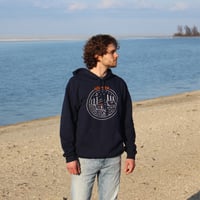 Image 2 of Ruffin' it - Navy Unisex Hoodie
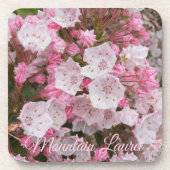 Roze Mountain Laurel Floral Bier Onderzetter (Voorkant)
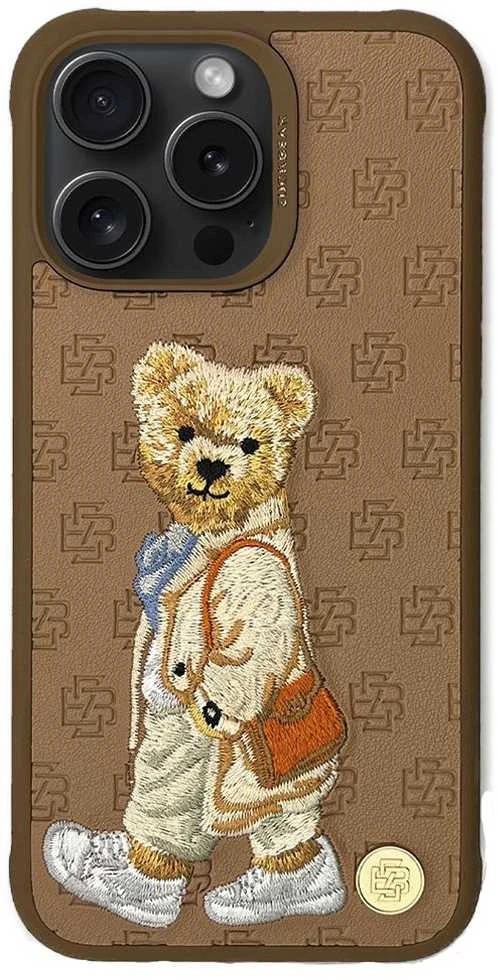 ZUCK BEAR dėklas PARIS GENTLEMAN, skirtas IPHONE 15 Pro krepšiui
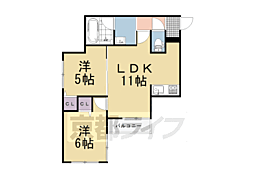 (仮称)伏見区羽束師鴨川町共同住宅 2階/-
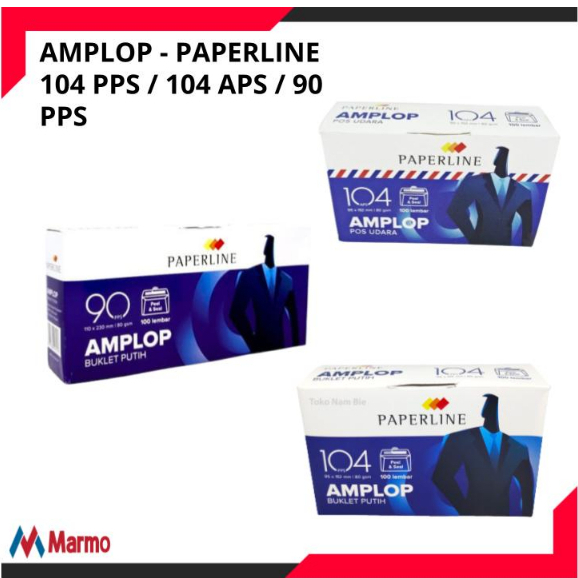 

AMPLOP PUTIH - PAPERLINE 104 / 90 - 100 pcs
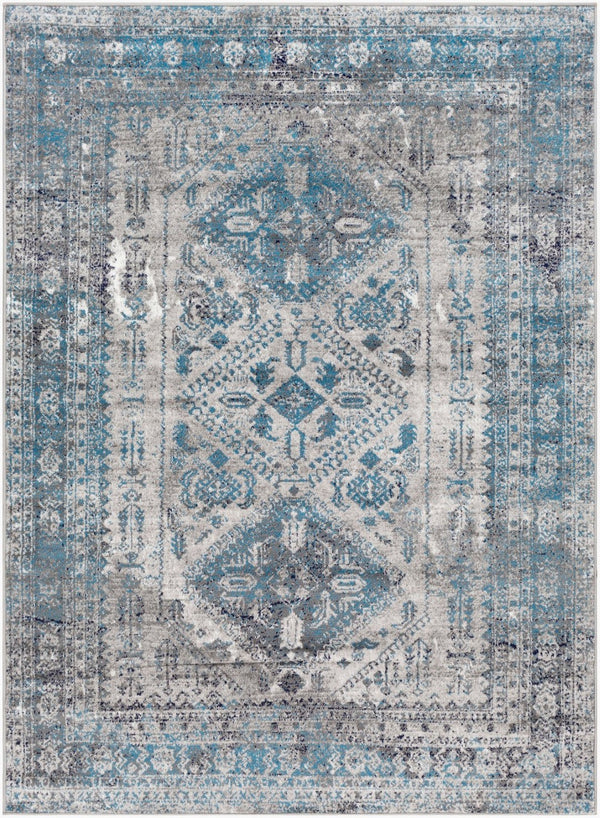 Livabliss Monte Carlo Medallion Polypropylene Area Rug for Large Living Dining Rooms Light Gray, Cha 12' x 15' MNC2312-1215
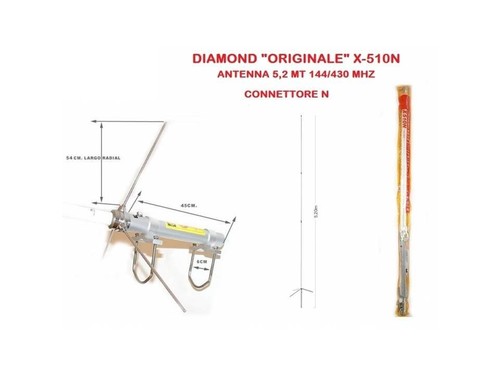 Diamond 510n antenna bibanda - x-510n,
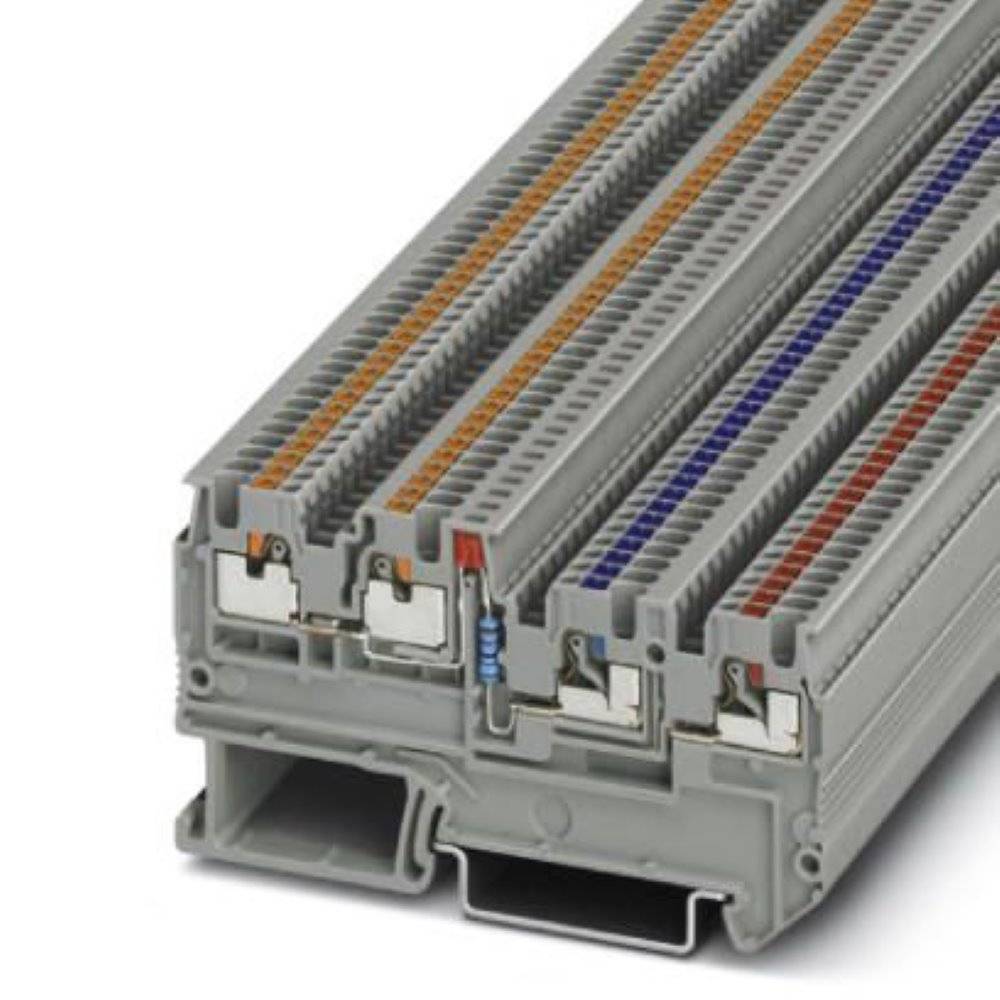 phoenixcontact Phoenix Contact 3244423 Initiator- en actuatorklem 3.5 mm Push-Lock-veeraansluiting Grijs 50 stuk(s)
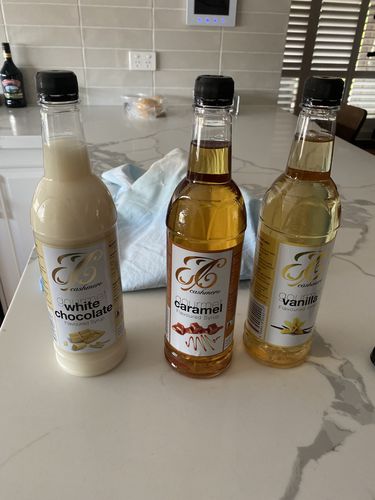 Customer photo review of White Chocolate Coffee Syrup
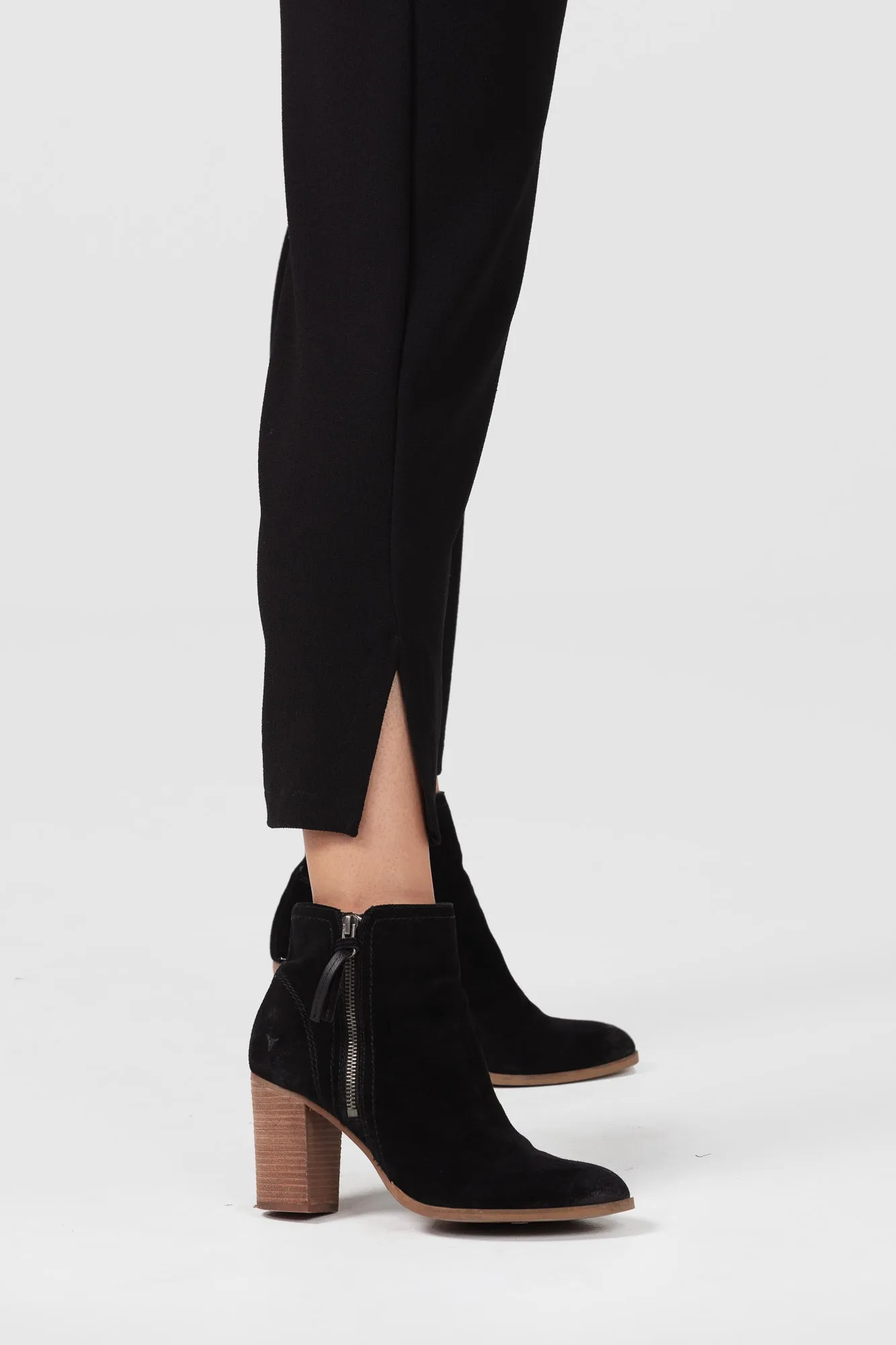 X Black Crepe Slim Leg Pant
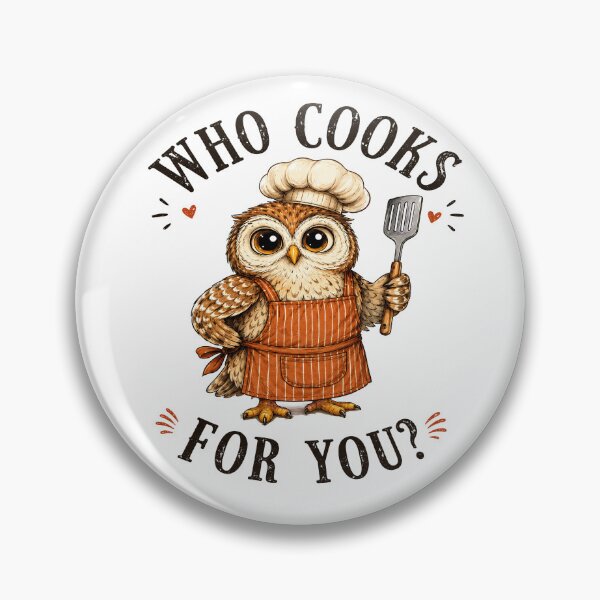 Item preview, Who Cooks For You Funny Owl Chef Cooking Kitchen Bird Lover Humor designed and sold by 76Valeria.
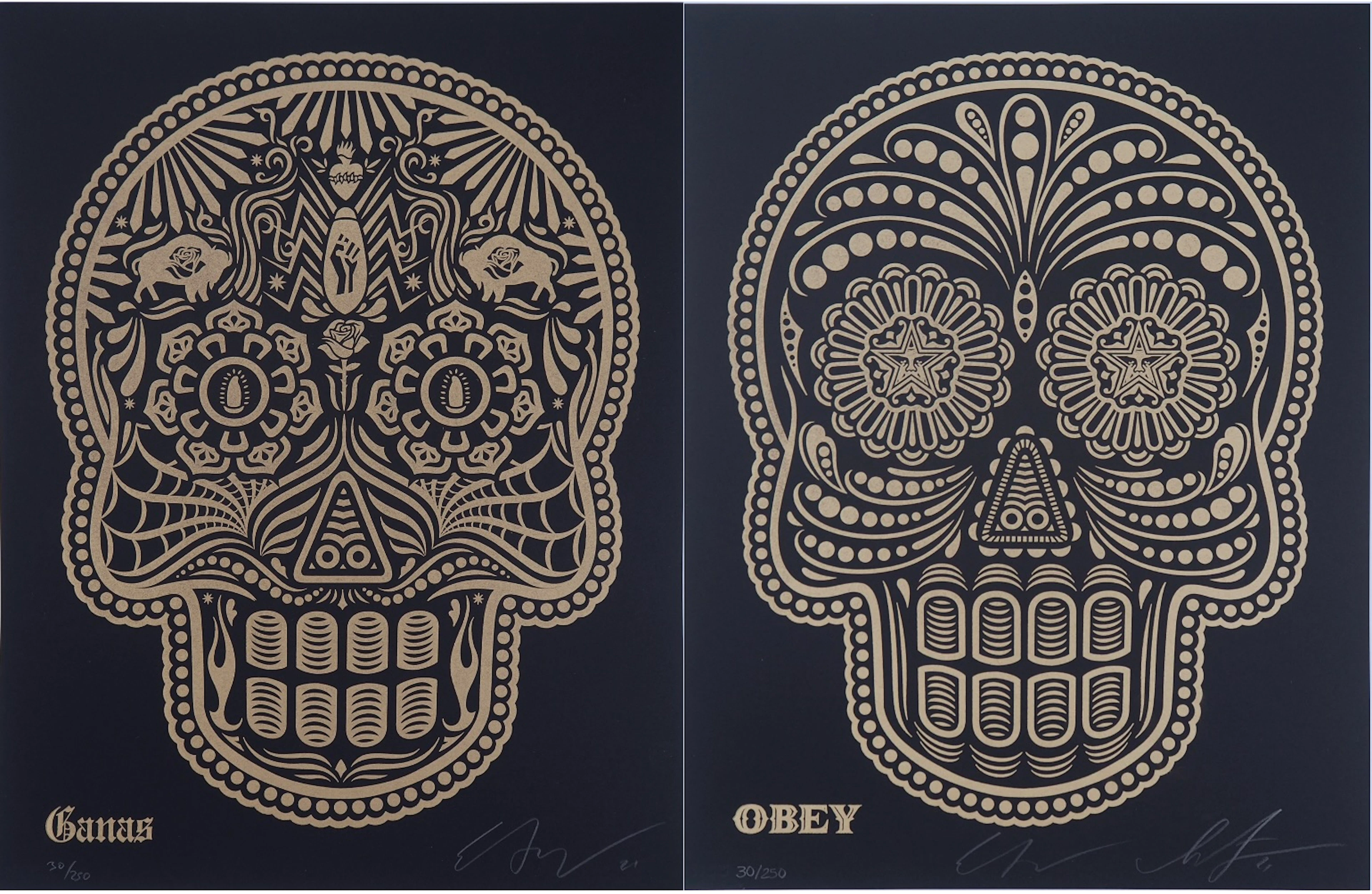 Shepard FAIREY (OBEY) et Ernesto YERENA : Day of the dead Calavera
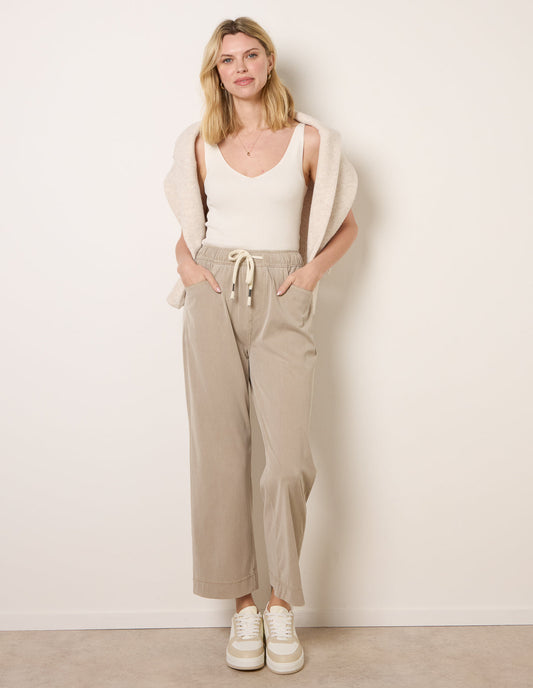 Elasticated Waist Trouser With Drawstring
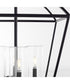 Odeon 4-light Pendant Matte Black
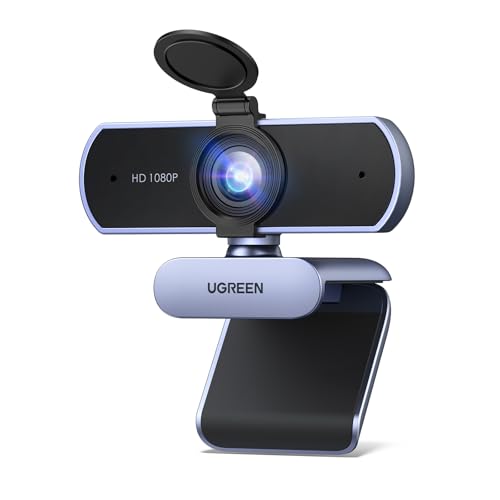 UGREEN Webcam Full HD 1080P 30FPS USB con 2 Microfoni
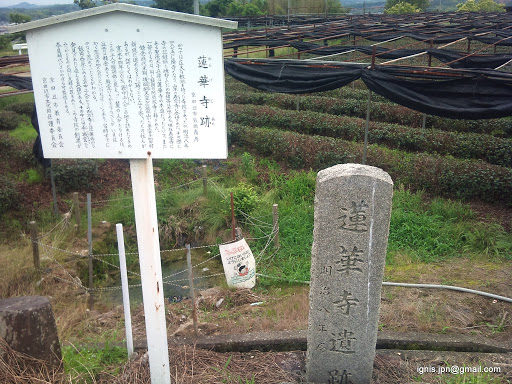 蓮華寺跡の碑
--
§ What the exercise asks
Nothing but an exact copy belongs in the answer: the lines from the top of the records through the line containing "X Black Crepe Slim Leg Pant", minus the pictures.

§ Answer
 Image 2 of Ruffin' it - Navy Unisex Hoodie
 Roze Mountain Laurel Floral Bier Onderzetter (Voorkant)
 ZUCK BEAR dėklas PARIS GENTLEMAN, skirtas IPHONE 15 Pro krepšiui
 (仮称)伏見区羽束師鴨川町共同住宅 2階/-

AMPLOP PUTIH - PAPERLINE 104 / 90 - 100 pcs
 Livabliss Monte Carlo Medallion Polypropylene Area Rug for Large Living Dining Rooms Light Gray, Cha 12' x 15' MNC2312-1215
 Diamond 510n antenna bibanda - x-510n,
 phoenixcontact Phoenix Contact 3244423 Initiator- en actuatorklem 3.5 mm Push-Lock-veeraansluiting Grijs 50 stuk(s)
 Customer photo review of White Chocolate Coffee Syrup
 X Black Crepe Slim Leg Pant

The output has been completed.